> DATA UNDER STUDY:

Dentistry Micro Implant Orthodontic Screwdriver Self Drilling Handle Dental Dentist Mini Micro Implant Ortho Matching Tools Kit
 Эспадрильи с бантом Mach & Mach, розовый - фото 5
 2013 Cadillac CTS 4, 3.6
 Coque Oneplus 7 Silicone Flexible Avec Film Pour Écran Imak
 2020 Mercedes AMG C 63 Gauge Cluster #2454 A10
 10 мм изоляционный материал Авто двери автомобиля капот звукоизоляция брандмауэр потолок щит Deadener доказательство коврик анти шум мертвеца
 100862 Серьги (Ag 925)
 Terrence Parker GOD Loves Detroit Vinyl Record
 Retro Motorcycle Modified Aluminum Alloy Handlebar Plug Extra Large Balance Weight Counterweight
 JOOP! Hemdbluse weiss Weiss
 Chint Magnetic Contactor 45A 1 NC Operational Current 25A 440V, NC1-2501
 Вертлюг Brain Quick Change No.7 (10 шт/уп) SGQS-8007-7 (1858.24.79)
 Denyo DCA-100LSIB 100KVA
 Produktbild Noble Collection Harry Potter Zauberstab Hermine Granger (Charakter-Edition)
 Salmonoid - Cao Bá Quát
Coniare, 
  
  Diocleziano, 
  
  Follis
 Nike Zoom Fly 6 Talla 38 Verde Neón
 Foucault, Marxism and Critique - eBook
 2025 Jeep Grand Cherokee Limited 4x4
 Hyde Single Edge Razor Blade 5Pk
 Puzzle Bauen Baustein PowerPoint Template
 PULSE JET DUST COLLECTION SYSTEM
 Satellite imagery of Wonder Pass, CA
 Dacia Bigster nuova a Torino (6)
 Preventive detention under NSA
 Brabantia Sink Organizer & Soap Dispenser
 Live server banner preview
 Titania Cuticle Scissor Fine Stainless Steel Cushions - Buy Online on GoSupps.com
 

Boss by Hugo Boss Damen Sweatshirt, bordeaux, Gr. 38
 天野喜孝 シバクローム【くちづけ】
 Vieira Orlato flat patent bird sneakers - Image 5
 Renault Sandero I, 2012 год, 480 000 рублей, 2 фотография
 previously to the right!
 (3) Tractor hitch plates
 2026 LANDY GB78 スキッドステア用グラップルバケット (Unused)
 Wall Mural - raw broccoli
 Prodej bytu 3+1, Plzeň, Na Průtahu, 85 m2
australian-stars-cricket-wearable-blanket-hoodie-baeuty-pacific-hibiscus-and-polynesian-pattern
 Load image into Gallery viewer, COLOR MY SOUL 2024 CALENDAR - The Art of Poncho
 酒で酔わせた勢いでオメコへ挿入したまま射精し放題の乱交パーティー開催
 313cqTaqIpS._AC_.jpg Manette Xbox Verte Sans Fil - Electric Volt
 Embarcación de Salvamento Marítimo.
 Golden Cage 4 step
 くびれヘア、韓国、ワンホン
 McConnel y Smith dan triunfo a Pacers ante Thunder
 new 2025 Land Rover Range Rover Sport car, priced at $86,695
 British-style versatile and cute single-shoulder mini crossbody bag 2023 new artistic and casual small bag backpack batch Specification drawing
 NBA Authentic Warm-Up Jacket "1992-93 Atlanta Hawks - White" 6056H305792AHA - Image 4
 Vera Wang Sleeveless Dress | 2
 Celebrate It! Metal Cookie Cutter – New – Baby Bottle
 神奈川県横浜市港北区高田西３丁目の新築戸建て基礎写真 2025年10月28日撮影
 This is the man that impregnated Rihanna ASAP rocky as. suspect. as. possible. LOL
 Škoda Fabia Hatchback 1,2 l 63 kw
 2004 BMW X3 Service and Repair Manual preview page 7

> TRY IT:
Only the lines above starting at the one containing "PULSE JET DUST COLLECTION SYSTEM" and ending at the one containing "Wall Mural - raw broccoli", both included, are to be returned, exactly as they read.

> EXERCISE OUTPUT:
 PULSE JET DUST COLLECTION SYSTEM
 Satellite imagery of Wonder Pass, CA
 Dacia Bigster nuova a Torino (6)
 Preventive detention under NSA
 Brabantia Sink Organizer & Soap Dispenser
 Live server banner preview
 Titania Cuticle Scissor Fine Stainless Steel Cushions - Buy Online on GoSupps.com
 

Boss by Hugo Boss Damen Sweatshirt, bordeaux, Gr. 38
 天野喜孝 シバクローム【くちづけ】
 Vieira Orlato flat patent bird sneakers - Image 5
 Renault Sandero I, 2012 год, 480 000 рублей, 2 фотография
 previously to the right!
 (3) Tractor hitch plates
 2026 LANDY GB78 スキッドステア用グラップルバケット (Unused)
 Wall Mural - raw broccoli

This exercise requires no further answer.